What was the most memorable meal you had on the trip?
One day, in the tiny village of Jer Koch, we stopped to buy food from a small shop attached to a house and met Elnura, a 27-year-old Kyrgyz woman who spoke English very well. After asking her parents, she invited us over for dinner, and it turned out to be one of the most special evenings of the trip.
Her mother spent hours cooking an incredible rice dish topped with a beautiful, generous piece of meat. The food was delicious, but what made that night unforgettable was the connection we shared. We spent hours talking with Elnura and her family, grateful for the rare chance to speak the same language. We had dinner, dessert, and then a long tea time all together around the table, even joined by a funny neighbor, exchanging stories, and laughing about our differences.
“What touched me most was how connection can exist beyond words, culture, or gender: being invited to people’s place, sharing a meal or simply a smile.”
- Camille
Camille, you’re a poet and a craftsperson. Could you talk us through some of the poetry or creative reflections that were influenced by this trip?
As described in the movie, even if Riccardo and I were riding together every day, we spent a lot of time on our own, in our heads. It almost never happens in life to experience such silence, a kind of void, a moment when you have nothing else to do but move forward. This breach in time allowed me to think, to be in full immersion with nature and the human beings around me.

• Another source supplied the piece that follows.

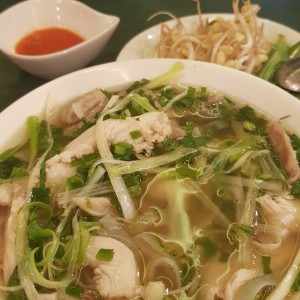 Pho de Pollo Chica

The colors, the textures, the sounds, or sometimes the absence of sound, inspired me to write poetry and thoughts. There’s also a very strong and ancient culture of wool craftsmanship in Kyrgyzstan, used both in nomadic and modern houses, a textile I also use a lot when crocheting. We even had the chance to share a beautiful moment with amazing women in Bokonbayevo, creating a traditional Shyrdak rug, which is used to insulate yurts.

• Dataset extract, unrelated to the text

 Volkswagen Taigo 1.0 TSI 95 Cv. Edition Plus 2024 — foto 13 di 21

If this trip was an “ode to first times,” what is the next “first” you’re each dreaming of, on or off the bike?
It’s something we haven’t quite figured out yet. There are so many beautiful places still to be discovered, and often they don’t require travelling halfway around the world. What’s certain is that we want to keep the same grounded spirit of openness and the genuine desire for new encounters.